In a significant move to broaden their collaboration in the burgeoning stablecoin sector, Visa and Bridge, a crypto startup acquired by Stripe in 2025, have announced plans to introduce stablecoin-backed cards across 100 countries spanning Europe, Asia, and Africa. This initiative builds upon a previous commitment made in April, which detailed the launch of similar offerings in Latin American nations, including Argentina, Colombia, and Mexico.
The newly rolled-out cards, which are already operational in 18 countries, enable consumers to utilize their stablecoin balances stored in crypto wallets for everyday purchases at a range of businesses, from delis to retail outlets that accept Visa. Companies, such as the wallet startup Phantom, have turned to Bridge to develop their own branded debit cards backed by stablecoins, with Visa providing the essential payment network infrastructure.
Cuy Sheffield, Visa’s head of crypto, emphasized the importance of integrating card services with stablecoin wallets to facilitate consumer spending in physical and digital marketplaces. “Anyone who’s building a stablecoin wallet needs to have a card connected to it if they want consumers and businesses to be able to have that value held in the wallet spent in the real world,” he stated.
This partnership comes amid a climate of skepticism surrounding the role of traditional financial institutions in the face of swift innovations brought forth by stablecoins. These cryptocurrencies are pegged to real-world assets, such as the U.S. dollar, enabling instant transactions on blockchains and potentially displacing long-standing payment networks. Such developments have contributed to declines in stock prices for dominant credit giants like Visa and Mastercard, particularly following legislative movements like the passing of the Genius Act, which aims to regulate stablecoins.
However, the ongoing collaboration between Bridge and Visa highlights a growing trend of integration rather than outright competition between fintech companies and traditional financial services. Other stablecoin initiatives, like Rain, which recently achieved a valuation of nearly $2 billion after securing $250 million in funding, also collaborate with Visa to offer stablecoin-linked cards.
Zach Abrams, cofounder and CEO of Bridge, noted the longstanding value of Visa’s network, which has been built over 40 years. He asserted that this established network will remain beneficial, regardless of the evolving landscape involving stablecoins.
Looking to the future, Abrams pointed out a potential area where stablecoins may outperform traditional card networks: agentic commerce.

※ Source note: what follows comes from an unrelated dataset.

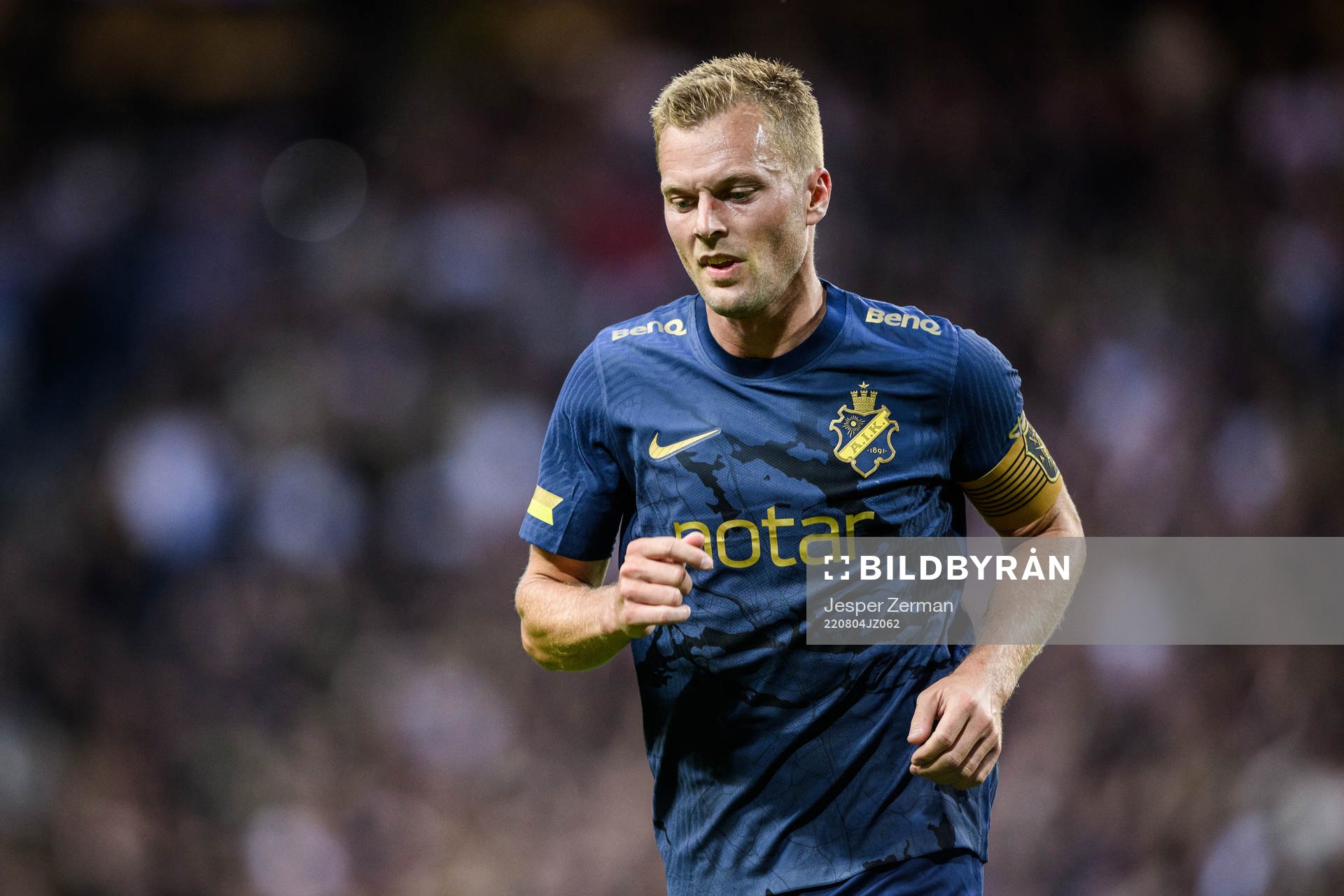 Sebastian Larsson of AIK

This concept envisions a world where AI agents automatically handle purchases on behalf of users, paving the way for a distinctive transaction framework that diverges from how traditional card networks function.
In addition to expanding its card offerings in collaboration with Visa, Bridge has committed to participating in an ongoing pilot program. This initiative seeks to explore the viability of processing transactions via stablecoins on blockchain technology instead of conventional bank transfers. Notable fintech firms like Worldpay and Nuvei are already part of this pilot. Sheffield expressed optimism about the potential for on-chain transactions to scale significantly, suggesting that if billions of dollars can be transacted in this manner, the possibilities for moving trillions could follow.